It's time to dump the G mentality

ITEM: A significant number of smartphone users in the US think they're using 4G phones, even though 4G phones don’t exist.

That’s according to a survey by consumer electronics shopping site Retrevo, which asked users when they plan to buy a 4G handset. Over a third of iPhone 4 users said they already had one. So did 29% of Android handset users, and 24% of BlackBerry users.
 
Retrevo chalks the results up to US consumers being “quite confused about 4G” – which also ties in to findings from the same survey that less than a quarter of respondents plan to sign up for 4G services.
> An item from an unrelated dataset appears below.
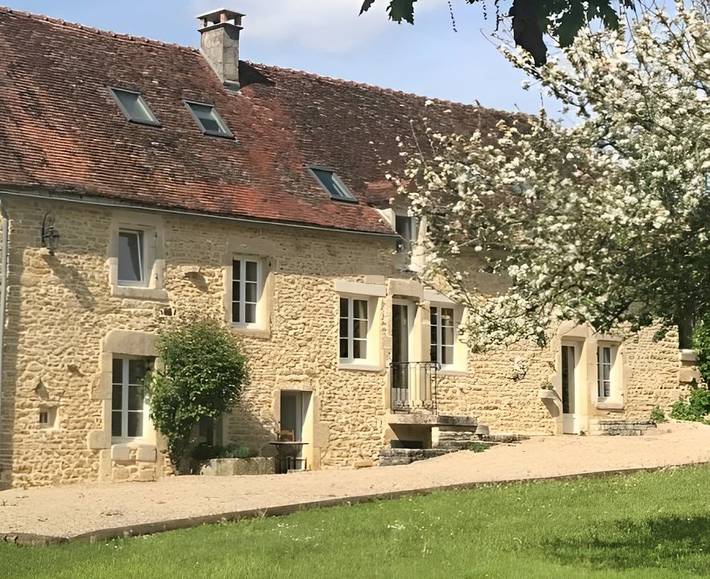 Gîte pour 10 personnes, avec Terrasse ainsi que Jardin et Piscine dans Yonne - 3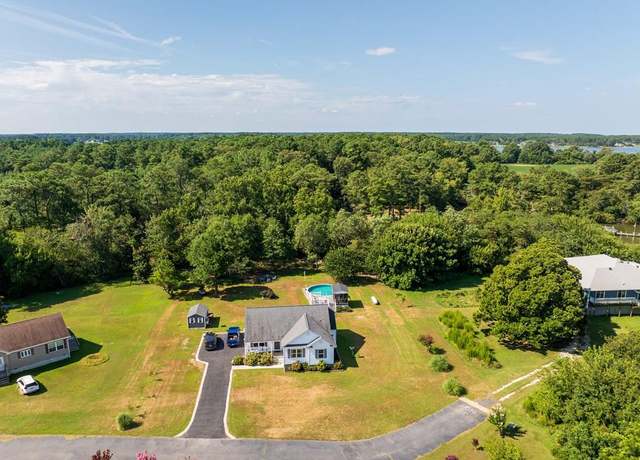 Property at 27044 Sunset Landing Dr, Onancock, VA 23417, 3 beds, 2 baths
Of the ones who won’t, 30% cited cost as the main reason, with another 22% saying the cost wasn’t worth the performance upgrade.
 
It’s always worth taking these kinds of consumer surveys with a grain of salt, of course. For a start, “4G” has been a generic and overused term from a consumer marketing perspective for awhile – and in the states, “4G” can also mean Clearwire’s Wimax service. So it’s not clear if the “confusion” found in the survey is being compounded by the wording of the survey itself.
 
On the other hand, that in itself is a valuable lesson in the growing uselessness of the term “4G” – at least as a marketing tool. If the users can't keep their Gs straight, maybe it’s time to stop encouraging them to think in terms of “G” and get them focused more on value for money, some point where it’s not about 3G or 4G, but about this price package or that price package.
 
This is something LTE operators in Asia will be finding out one way or another as they figure out how to market their services. Meanwhile, it’d be fun as a control experiment to do a similar survey in other LTE markets to see how many smartphone users think they already own a “4G” phone.